A handmade film camera made by Hyun is compact enough to fit in one hand. Since the camera reveals its inner workings, it adds an analog touch to the gadget.
Growing up, Hyun dreamed of becoming a scientist. He loved to assemble and disassemble anything in his hands. Once, the little boy made a radio by himself. He loved drawing, too. However, he chose metal sculpture when he entered college.
Hyun happened to make a pinhole camera when he was in college and has continued to do so since then.
He needed to understand how cameras work. After taking numerous cameras apart, he got a good grip on how the devices work.
What sets his pinhole cameras apart from similar sorts is that they reveal their inner mechanism. He did that to show users how camera parts function.
Hyun pondered ways to improve his pinhole camera and stumbled upon the idea of incorporating the watch movement into it.

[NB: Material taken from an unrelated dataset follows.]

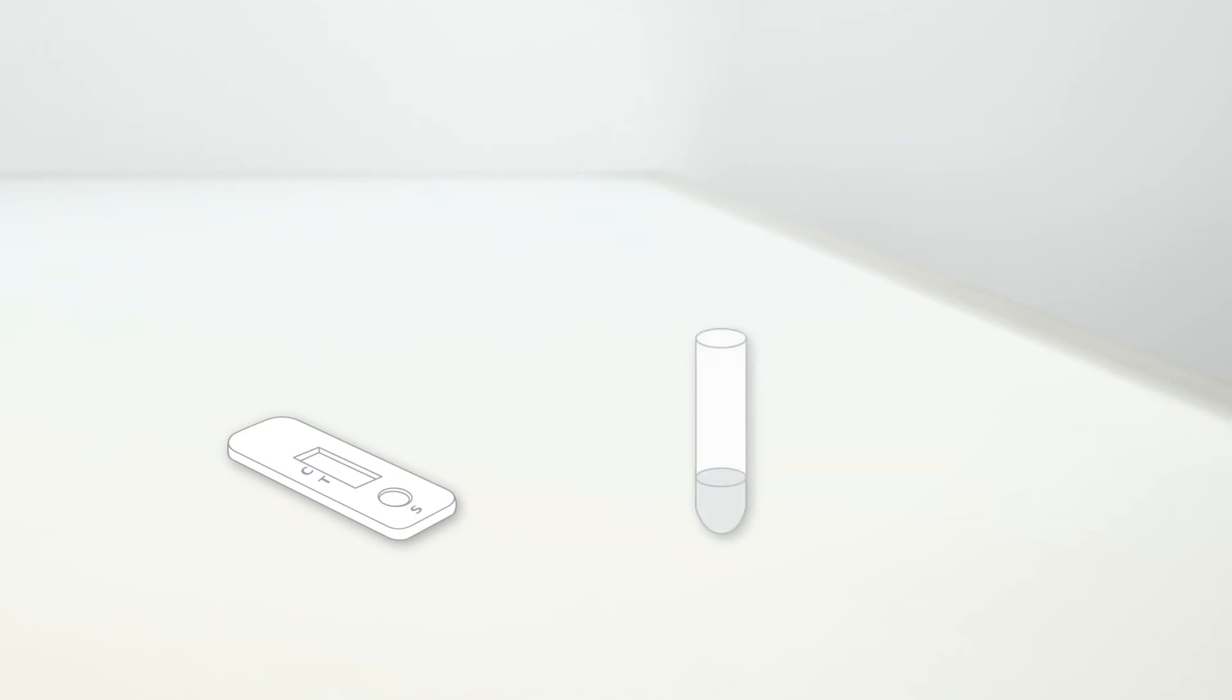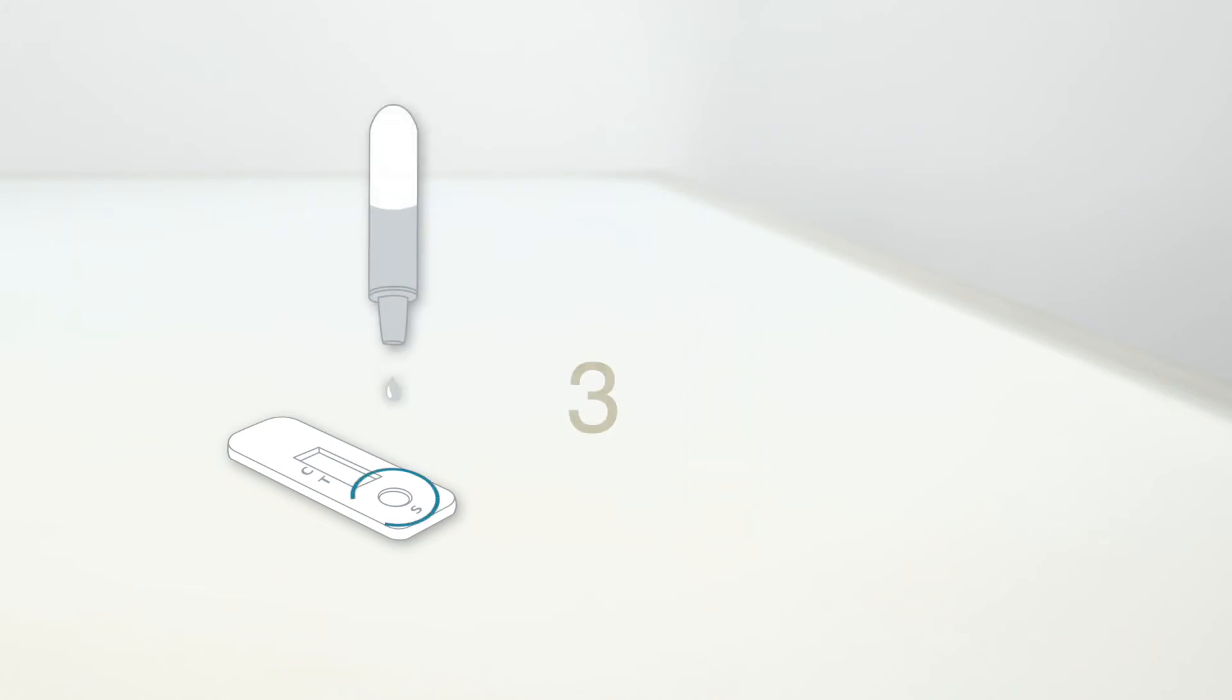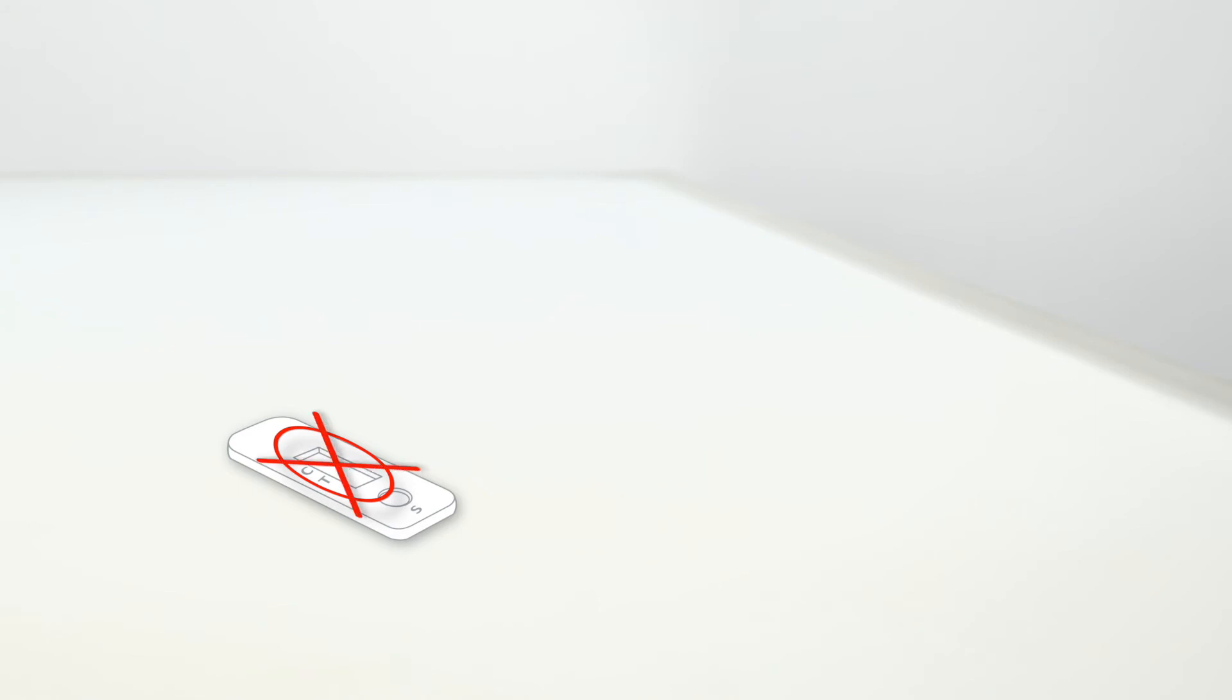Remove the test cassette from the foil pouch and place it on a clean, level surface. Attach a dropper cap to the extraction tube and make sure that it is on properly. Squeeze gently to dispense 3 drops of fluid into the round sample well S of the test cassette. Do not add the sample to the rectangular result field.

Before, he had to manually open and close the shutters of his camera, making it difficult to get the exposure right. He needed a function that could automatically close the shutter. Around that time, he coincidentally watched a documentary about watch experts in Switzerland. From the masters who made the watch movement, Hyun was inspired to install a watch movement instead of an electric device in his camera.
It took him two years to study the watch movement. Hyun watched documentaries produced in Switzerland and Germany and taught himself all the procedures of making the technology that runs watches.
Some of the vital machinery needed for watch movements was unavailable in Korea, so Hyun directly purchased them from overseas websites.
Hyun is one of about 100 watch masters in the world. He designs watches and produces all the essential parts himself.
The artist doesn’t produce watches and cameras for commercial purposes. He believes his role is to study and create more creative artwork. Living in the era of artificial intelligence, Hyun thinks we need to value small things such as cogwheels.